The poem, “The Luxury to apprehend”, by Emily Dickinson, teaches me more about this kind of encounter.

And it expands my thinking, and the feelings that go with thoughts, of family and friends lost in death, or because of geographic changes.

The Luxury to apprehend

The Luxury ‘twould be

To look at thee a single time

An Epicure of me

In whatsoever presence makes

Till for a further food

I scarcely recollect to starve

So first am I supplied.


The Luxury to meditate

The Luxury it was

To banquet on thy Countenance

A sumptuousness supplies

To plainer Days whose Table, far

As Certainty can see

Is laden with a single Crumb —

The Consciousness of thee —

This is a complex poem that can be discussed for a long time if you enjoy that sort of thing. Anyone grieving after a death; or, who misses someone whose path has taken them elsewhere, is described here. This particular poem is among those I count as old friends.  Reading it brings back a memory I cherish of the early days of a friendship with Margaret Freeman, who introduced the poem’s marvels and helped me to understand it, several years ago.

The moment I attributed the word “luxury” to the thoughts I have (“The Luxury ‘twould be/To look at thee a single time”) for my deceased daughter, I was strongly attracted to the riddle.

The poem suggests what every bereaved parent knows: Now that I’ve known one so cherished, I am more discerning about (and, eventually more interested in) other kinds of people.
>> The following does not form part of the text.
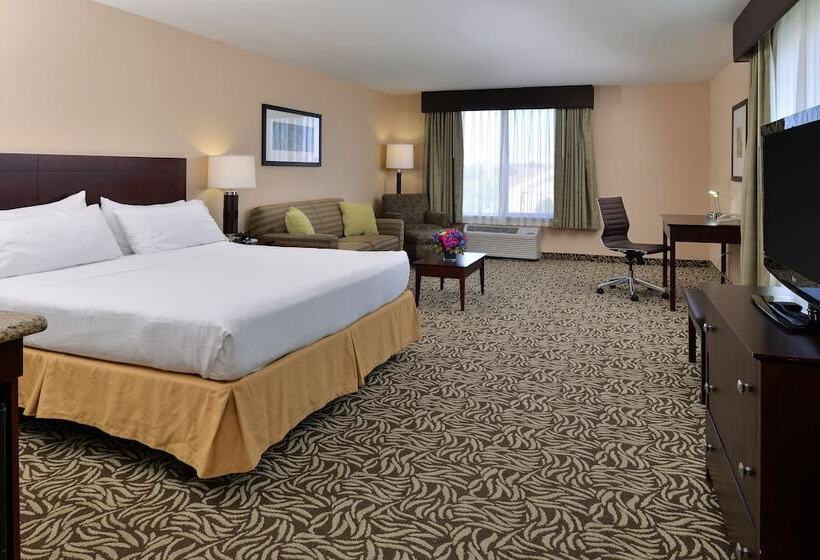 스위트, Holiday Inn Express Fresno River Park Highway 41, An Ihg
The dead child has made “An Epicure of me”.  

Whatever is happening, “in whatsoever presence makes” in my life, ultimately, “I scarcely recollect to starve” for anything more, because now that she has been in my life it is a new “Luxury to Meditate…To banquet on thy Countenance”.  True, compared with the living person, memory is a “…single Crumb —”.  Still, the “banquet” of having had her in my life is “a sumptuousness (that) supplies/To (these) plainer days”.